Une Délégation de Service Public (DSP) pour les cantines scolaires melunaises : un choix rétrograde.

 

La mairie de Melun a signé le 21 février 2012 un contrat qui la lie pour 10 ans et quatre mois à la société AVENANCE, bientôt ELIOR, qui se chargera en lieu et place de la mairie d’assurer le service de la restauration scolaire.
Rappelons que la mairie devrait poursuivre plusieurs objectifs principaux :

  • garantir une nourriture saine et équilibrée aux enfants,
  • permettre à toute famille melunaise d’avoir accès au service de la restauration scolaire,
  • mettre à la disposition des enfants et de son personnel des installations conformes et agréables.

Bien entendu, ces objectifs doivent être poursuivis dans des conditions économiques acceptables. Mais la diminution des coûts ne devrait pas constituer une priorité.

En conséquence, nous nous opposons à la décision que vient de prendre la mairie de Melun.

D’abord, pour une question de principe, car seul le service public peut permettre d’atteindre véritablement les objectifs précités en garantissant l’égalité des citoyens. Un principe qui échappe à la logique lucrative de la sphère privée qui a vocation à faire des bénéfices.

Ensuite, parce que ce choix d’une DSP génère des difficultés majeures dont certaines sont en totale contradiction avec ces mêmes objectifs.

Par exemple, on peut noter l’incohérence qu’il y a de la part de la mairie à prétendre que la santé des enfants constitue une préoccupation essentielle (programme EPODE) et, dans le même temps, à leur fournir une nourriture industrielle.
Nous savons très bien que cette nourriture est, entre autres, responsable de l’augmentation du nombre de pathologies graves chez les plus jeunes, comme l’obésité et peut même être à l’origine de cancers.
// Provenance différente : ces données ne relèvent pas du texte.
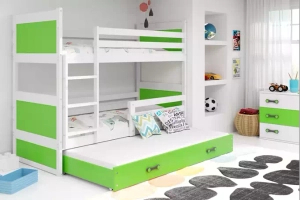 3 ÜLÉSES TINI EMELETES ÁGY RICO FEHÉR KERET ZÖLD PANELEK ZÖLD FIÓKOS MATRAC NÉLKÜL 90 X 190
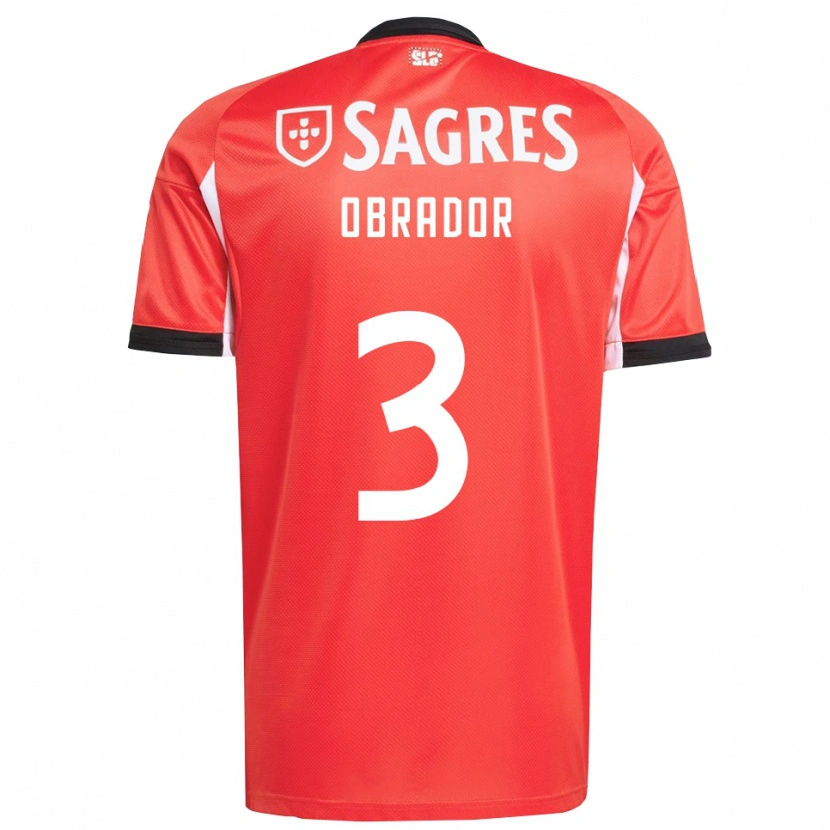 Danxen Enfant Maillot Rafa Obrador #3 Rouge Blanc Tenues Domicile 2025/26 T-Shirt
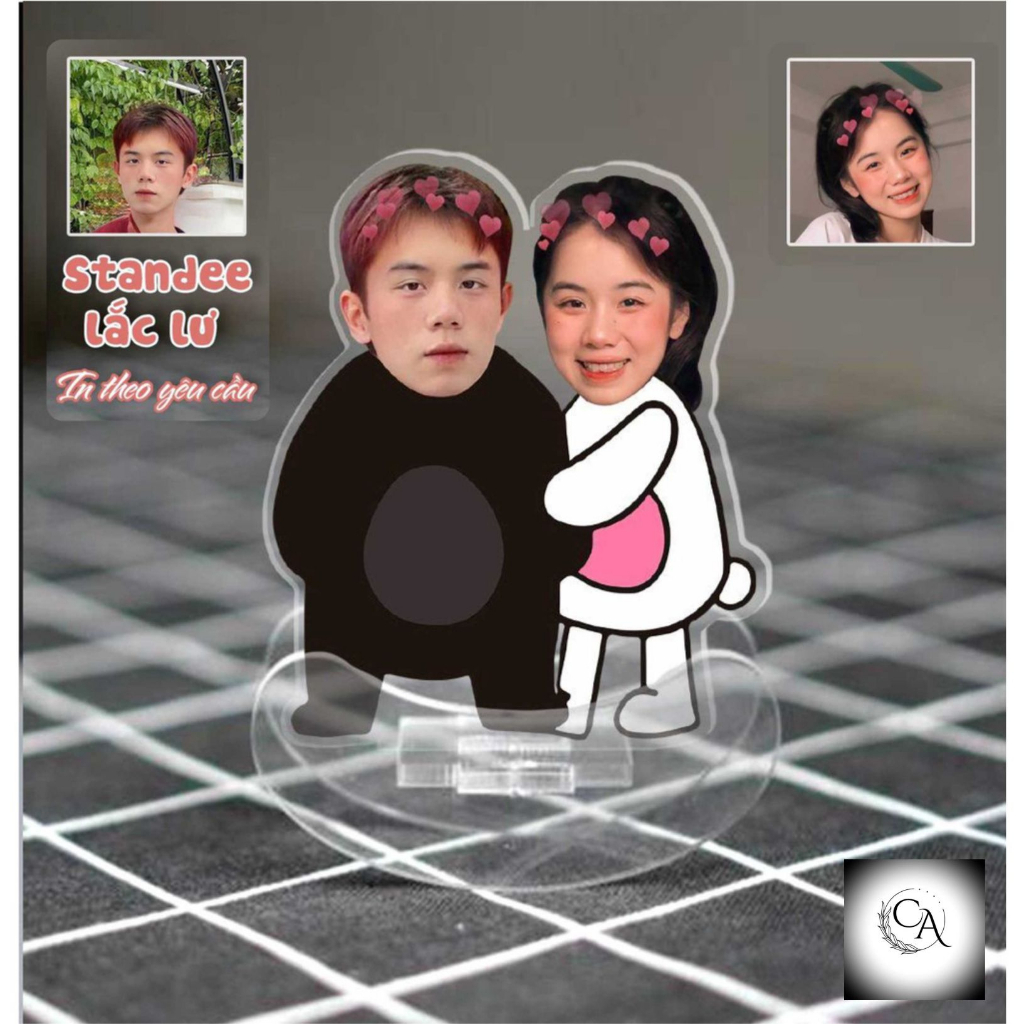 Standee lắc lư cặp đôi in theo yêu cầu 2 chibi đáng yêu quà tặng cho người yêu, người thân, bạn bè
Or, la mairie s’obstine à limiter à 20% l’obligation d’aliments biologiques. Ce taux ridicule ne constitue aucune évolution par rapport à ce qui existe aujourd’hui. Il aurait pu, comme à Saint-Etienne avec la même société privée, être porté à 50%.
Rappelons que deux études de Générations Futures viennent de montrer, d’une part que les repas types, équilibrés mais non biologiques, d’un enfant dans une journée comptaient 81 substances chimiques dont 40 classées « cancérigènes possibles ou probables » et 5 « cancérigènes certaines » et, d’autre part que les aliments bio sont exempts de résidus de produits chimiques.
Il est d’ailleurs faux de dire que le bio coûte plus cher dans la restauration collective. Parce que la matière première ne représente qu’un très faible pourcentage du prix de revient d’un repas et qu’une augmentation de 20 % du prix de la matière première (en imaginant qu’on passe à une cantine 100% biologique) signifierait une augmentation du prix de revient du repas inférieure à 10%.
Ce surcoût est facilement compensable en introduisant, comme par exemple dans le deuxième arrondissement de Paris où les enfants mangent bio, un repas où les protéines animales sont remplacées par des protéines végétales.
Tout comme il est ridicule d’opposer le manger local et le manger bio. Il faut manger local et bio, l’un n’étant, en aucune manière, exclusif de l’autre !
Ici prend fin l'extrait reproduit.